[Numpy-discussion] any interest in including a second-ordergradient?

David Warde-Farley dwf@cs.toronto....
Tue Oct 28 23:14:34 CDT 2008

On 28-Oct-08, at 5:57 PM, Fabrice Silva wrote:

> Are there some parts of the code that may be used only once to  
> calculate
> both the gradient and the second derivative (isn't it called the
> hessian, at least in the N-d case) ?

Probably.  I'd imagine depends on your differencing scheme; central  
differences on the second derivative might imply a need to do two non- 
central differences to sample the gradient at +eps and -eps on each  
axis, respectively.

And yes, the square matrix of second derivatives of an N-d scalar  
function is typically called the Hessian, but some of the properties  
one typically expects from a "Hessian" (i.e. symmetry) are not  
necessarily true unless all of the the partial second derivatives are  

> If a common function would fasten the computation of the gradient and
> the hessian with a single call to a new function gradients(), it is
> worth...
> If the intent is just a reduction of the total length of the file
> containing the gradient and gradient2 functions, I do not understand  
> why
> modifying the existent code. Why not creating a new function hessian()
> having the same signature than gradient?

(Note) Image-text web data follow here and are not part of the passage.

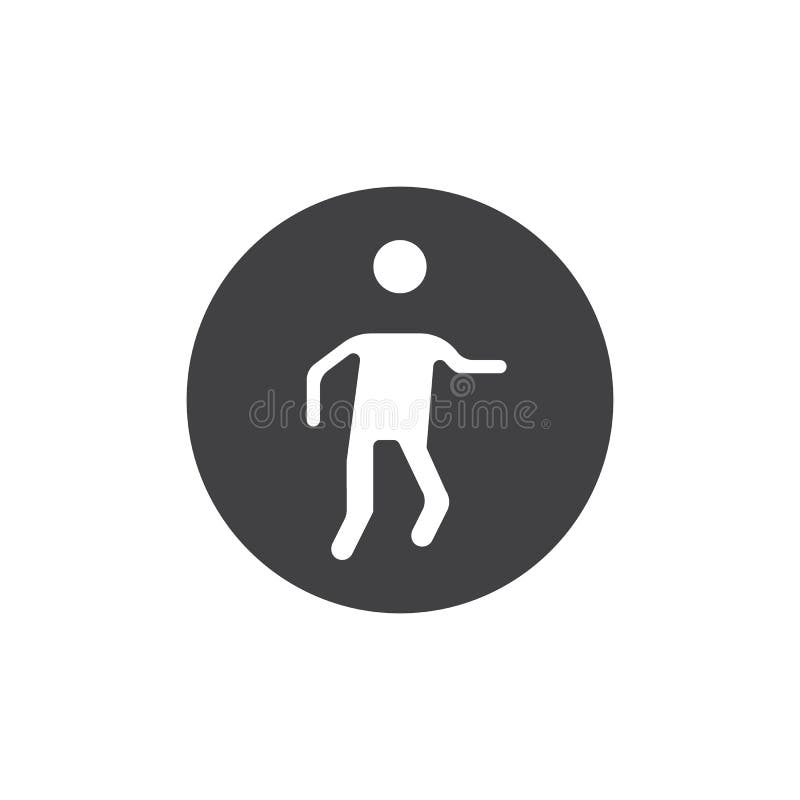 Los peatones firman el icono del vector libre illustration Los peatones firman el icono del vector libre illustration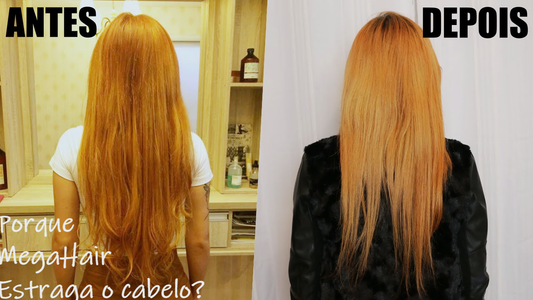 Porque mega hair estraga o cabelo?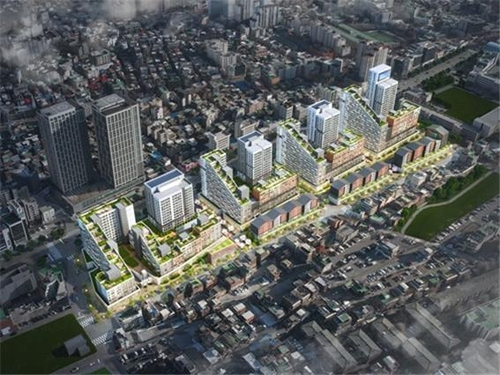 서울시 송파구 풍납동 모아타운 조감도. 사진 제공=서울주택도시개발공사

As Stefan mentioned, the number of functions that get included when  
you type "from numpy import *" is already pretty large, and it'd be  
nice not to make it larger. Though you do raise a good point -- if  
it's known that the user wants both the gradient and the Hessian, and  
you can get the first for free while computing the second, then that's  
preferable to having to make two calls and duplicate work.